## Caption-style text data
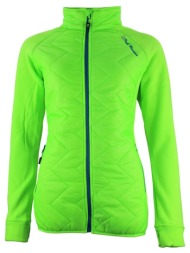 fleece peak mountain blouson polarshell bimatière femme acer |
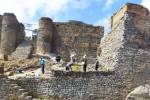 مرمت و استحکام‌بخشی قلعه تاریخی بابک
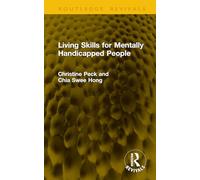 Living Skills for Mentally Handicapped People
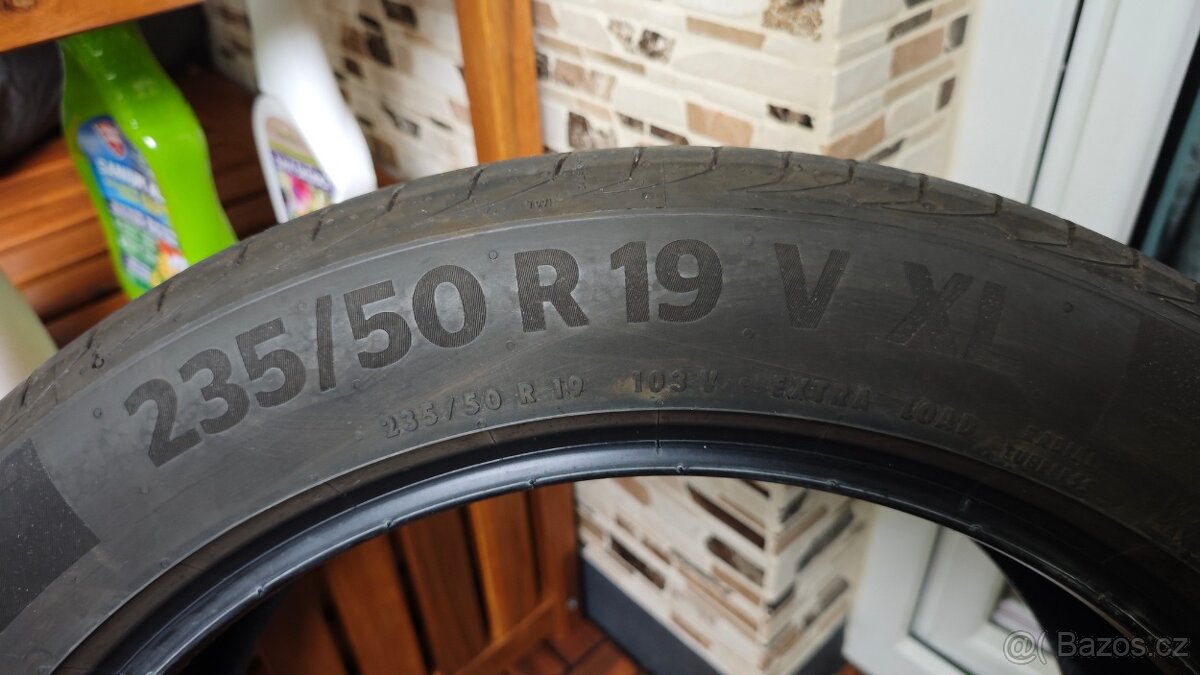 Pneu Continental PremiumContact 6 235/50 R19 103 V XL - 3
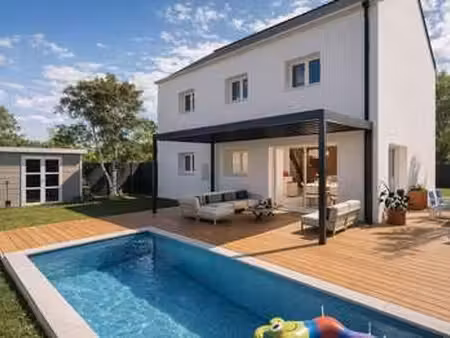 vente maison à saint-juvat (22630) : à vendre / 119m² saint-juvat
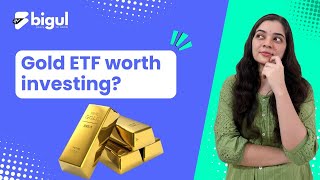 Is Gold ETF worth investing goldetf goldbees [upl. by Ikuy685]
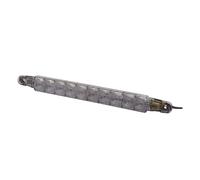 Luz de Freno Adicional Trasero 24V 1,4W LED Gris Ahumado HELLA para Otros A.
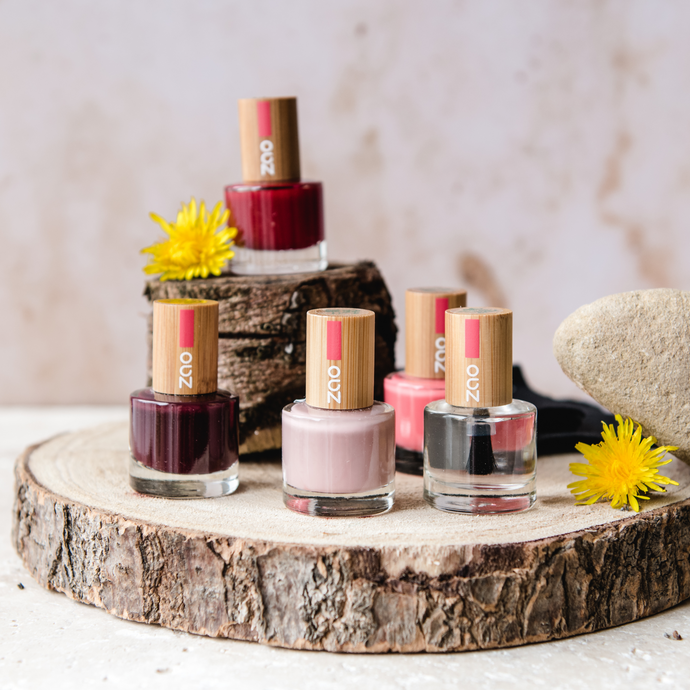 A Guide to Eco-Friendly Nail Care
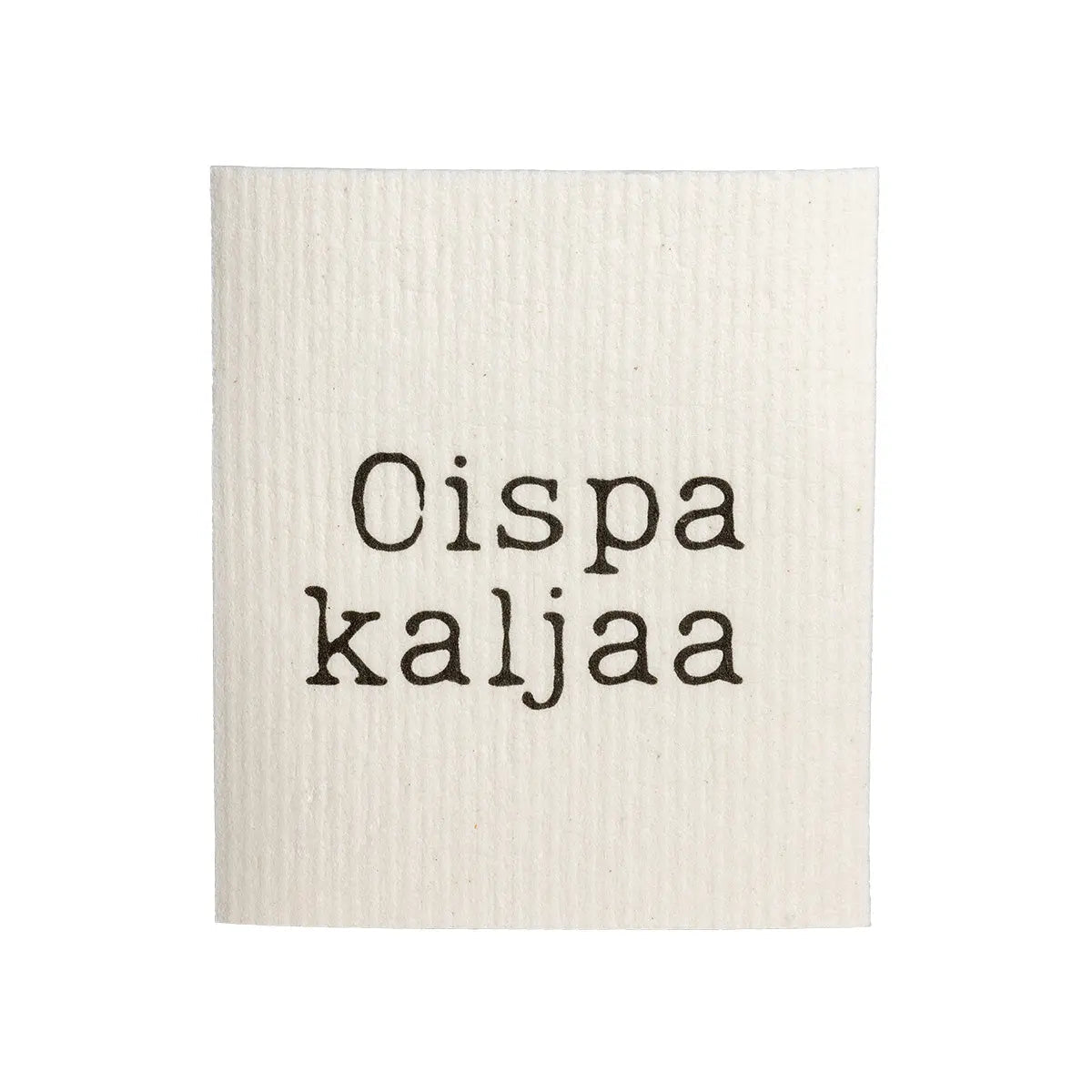 Lempi Oispa Kaljaa - Tiskirätti | Astiat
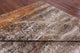 Handmade Modern Wool and Silk Rug 9' 0" X 12' 2" Q7134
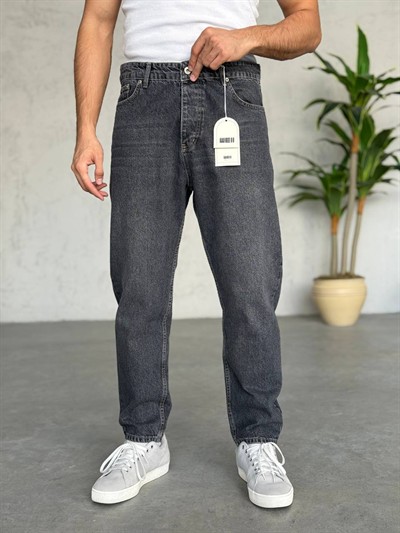 We11 Boyfriend Yıkamalı Kot Pantolon 3192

## What is being asked
Output the data above exactly, beginning at its first line and ending with the line that holds "vente maison à". Leave out the pictures and add nothing.

## Response for this exercise
 fleece peak mountain blouson polarshell bimatière femme acer |
 مرمت و استحکام‌بخشی قلعه تاریخی بابک
 Living Skills for Mentally Handicapped People
 Pneu Continental PremiumContact 6 235/50 R19 103 V XL - 3
 vente maison à saint-juvat (22630) : à vendre / 119m² saint-juvat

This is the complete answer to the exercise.